Alleging that Interim President John Rudley has ignored student concerns, the organization’s spokesman Timothy O’Brien led the way.
"We want the faculty and the University community to take a look at how John Rudley is running this university in a non-democratic manner," he said after Wednesday’s meeting.
As dramatic as this stunt was, some students believe that this is the only way the administrators will listen to the students.
What’s sad about this situation is that no clear solution is visible, but that could be said with any situation. Communication improvements are needed in almost every aspect of the campus, but what should students do for their voices to be heard?
Most of us don’t have the guts to storm into an official meeting. And to be honest, it doesn’t seem to be the most effective way for students to be taken seriously by University administrators, either.
Our campus is already so disconnected as is with it being a commuter school, and this divide between administrators and students only worsens the divide.
Of course, as students we’ll never be completely satisfied, but many aren’t even happy.
Granted, administrators have admitted a communication problem is prevalent, but the solutions are not as tangible as our day-to-day frustration.
If anything, University officials shouldn’t shrug off this protest either, but see it as our state of mind.

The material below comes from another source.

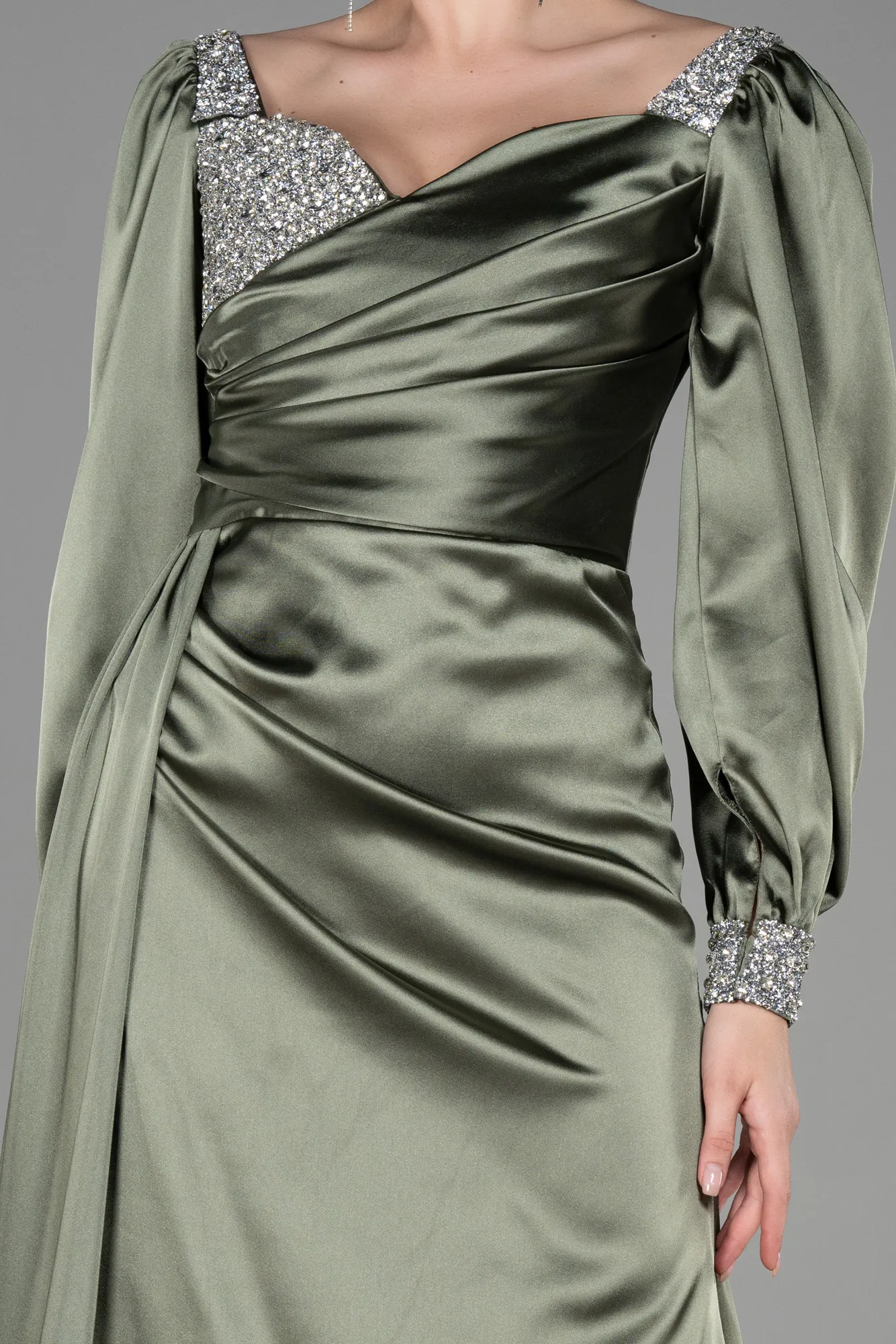 Olive Drab-Long Satin Evening Dress ABU3318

If this is the only way we as students feel that we can be heard, what does that say about the system?
Problems with PeopleSoft 8.9 and with financial aid since the beginning of the semester have simply increased annoyance with how our University is set up.
Yes, organizations such as the Student Government Association are available for students to wield some power and have a voice on campus.
But how many people actually are involved or know who the officers are? Not many.
This problem is that which seems to plague our generation the most – apathy. So for those reasons, we applaud Student for Fair Trade for their efforts, but in the end, there must be a better way.
We want to encourage all students to truly get involved with the University, voice their opinions and work with the administration to find a solution that doesn’t include having to bust into a meeting every time.
Don’t we – not only as student but as a University – deserve at least that much interest?
Think about how much you’re investing by going here, and in the end, improvements have to be made. We want the administration to know that, but we also want the students to care enough to want it.